Data entries:
BEGIN

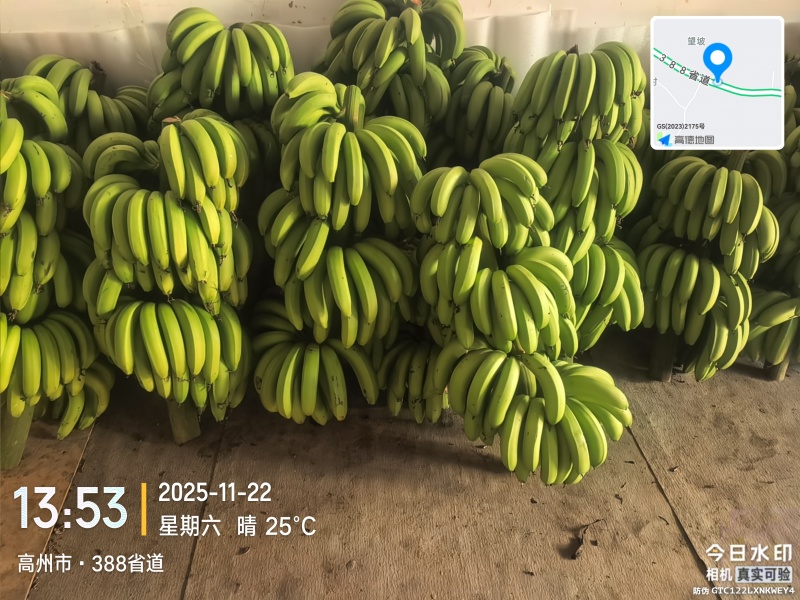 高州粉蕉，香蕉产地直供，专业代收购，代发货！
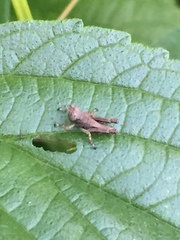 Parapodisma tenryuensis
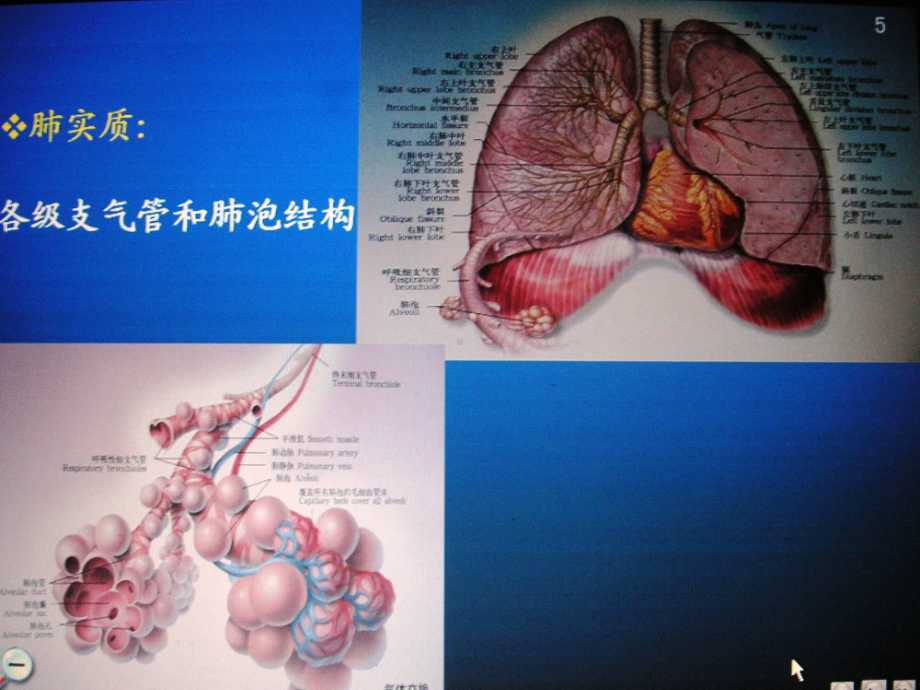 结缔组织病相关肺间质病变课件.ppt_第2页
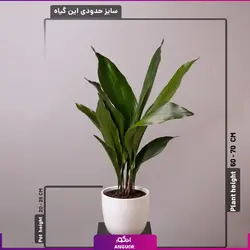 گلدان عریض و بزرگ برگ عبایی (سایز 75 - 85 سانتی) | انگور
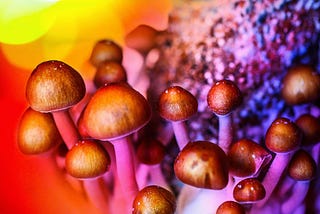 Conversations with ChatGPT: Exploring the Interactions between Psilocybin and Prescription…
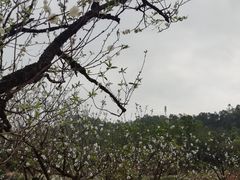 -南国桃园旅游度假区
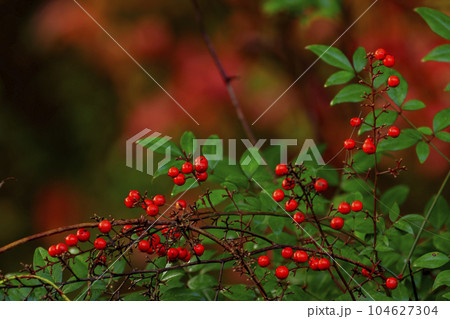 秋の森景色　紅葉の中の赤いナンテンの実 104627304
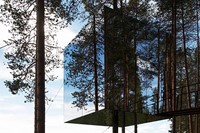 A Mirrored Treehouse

END

▶ **Prompt**: When copying the records above, please match them exactly but leave out all pictures.

▶ **Reply**:
 高州粉蕉，香蕉产地直供，专业代收购，代发货！
 Parapodisma tenryuensis
 结缔组织病相关肺间质病变课件.ppt_第2页
 گلدان عریض و بزرگ برگ عبایی (سایز 75 - 85 سانتی) | انگور
 Conversations with ChatGPT: Exploring the Interactions between Psilocybin and Prescription…
 -南国桃园旅游度假区
 秋の森景色　紅葉の中の赤いナンテンの実 104627304
 A Mirrored Treehouse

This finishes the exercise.